OK, let's take a step back. We have identified at least three degrees
of freedom that have been sources of friction with existing string literals:
- Sometimes we don't want traditional escaping (\n, etc);
- Sometimes we don't want unicode escaping (\unnnn);
- Sometimes we want to represent multiple lines of text as a single
String.
Traditional strings could be described as (false, false, false) on these
axes; the propose raw strings are (true, true, true). As a first
evaluation (if these really are the axes), this is encouraging; if
you're going to pick 2 of 2^N prepackaged options, its often best to
pick the ones with the biggest hamming distance.
I have a hard time imagining that people really need, for example,
traditional escaping but not unicode escaping, with any frequency. So
offering all 2^n combinations is not likely to carry its weight.
I think what you are suggesting is that its fine to lump the first two,
but it might have been a premature move to lump them with the third. (A
second question is: are these the only axes we should be concerned with
right now.) So, let's examine that.
We explored allowing double-quoted strings to span lines too; this gives
you a different stacking: { escaping multi-line, raw multi-line }. But
I think the part that's still unexplored is: do we need to explicitly
surface how source lines are combined into strings?
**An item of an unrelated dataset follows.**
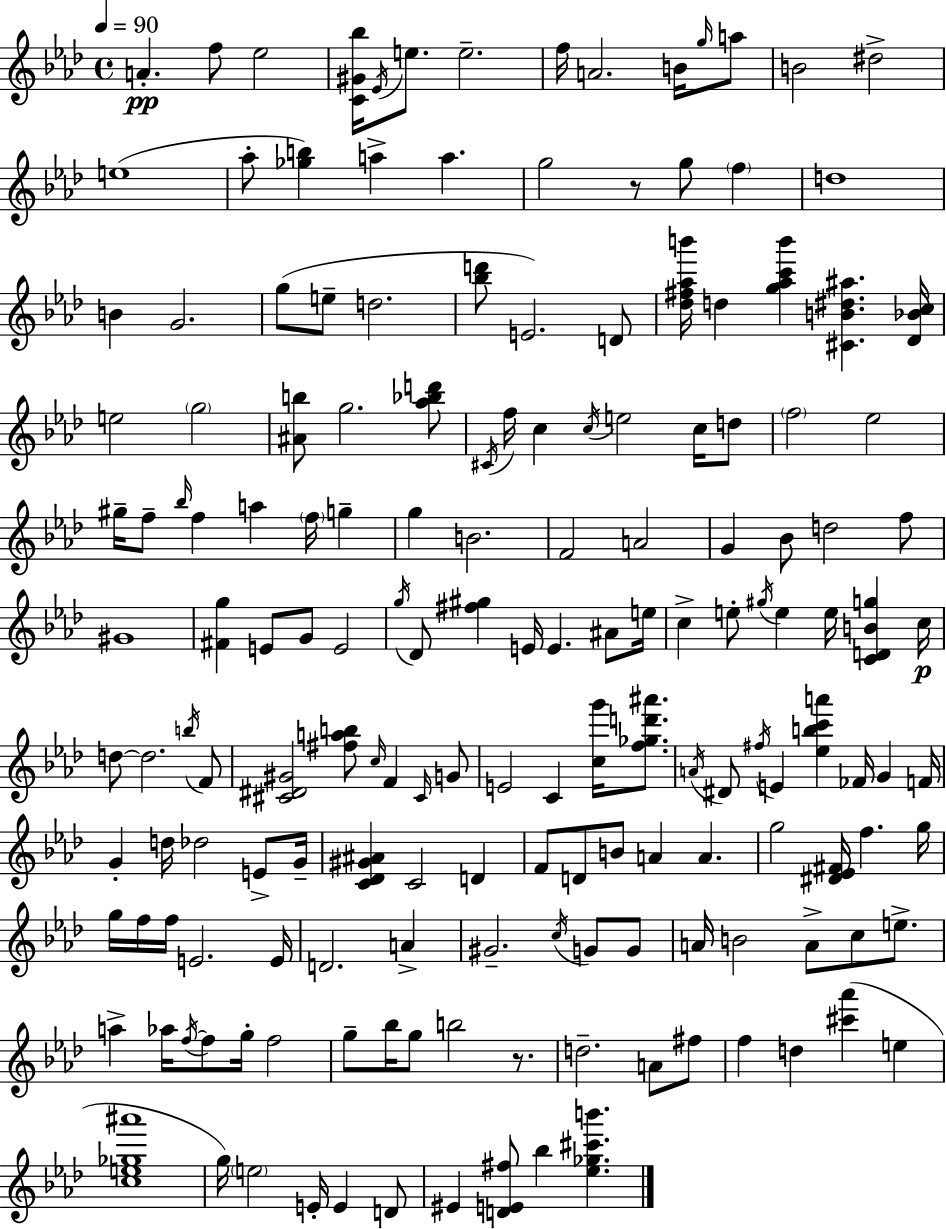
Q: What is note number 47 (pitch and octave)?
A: F5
The assumption we've been working off of is: \n has won (this wasn't
true when Java got started.) Is this wishful thinking? And if not, can
the library approach serve this purpose here too:
`a long
string`.toPlatformLineEnding()
(which, as has been observed, can be optimized either by compile-time
evaluation or by link-time evaluation using LDC and ConstantDynamic, so
I think we can ignore the "but then I'm doing work at runtime" aspect of
this.)
On 2/5/2018 1:39 PM, Guy Steele wrote:
On Feb 5, 2018, at 1:39 PM, Brian Goetz <[email protected]> wrote:
However, I also note that the broad problem may two or three distinct symptoms,
and:
(1) A solution that addresses one symptom may not address the others, and
(2) On the other hand, it may (or may not) be perfectly reason to address the
most painful symptoms in different ways, rather than insisting that a single
solution cover them all.
Indeed so. This is one reason why we resisted the call to do string interpolation (which
many developers conflate with multi-line strings, as many languages with one also have
the other) at the same time. Another way to ask this question is: are we yet
sufficiently minimal? We boiled it down quite a lot already, but are we at
"minimal" yet? Or, did we take a wrong turn in boiling it down, and find
ourselves only a local minimum?
In particular, I happen to think that the problem of distinguishing snippet
indentation from encoding-program indentation may require a rather different
kind of solution from the problem of escape characters in embedded snippets.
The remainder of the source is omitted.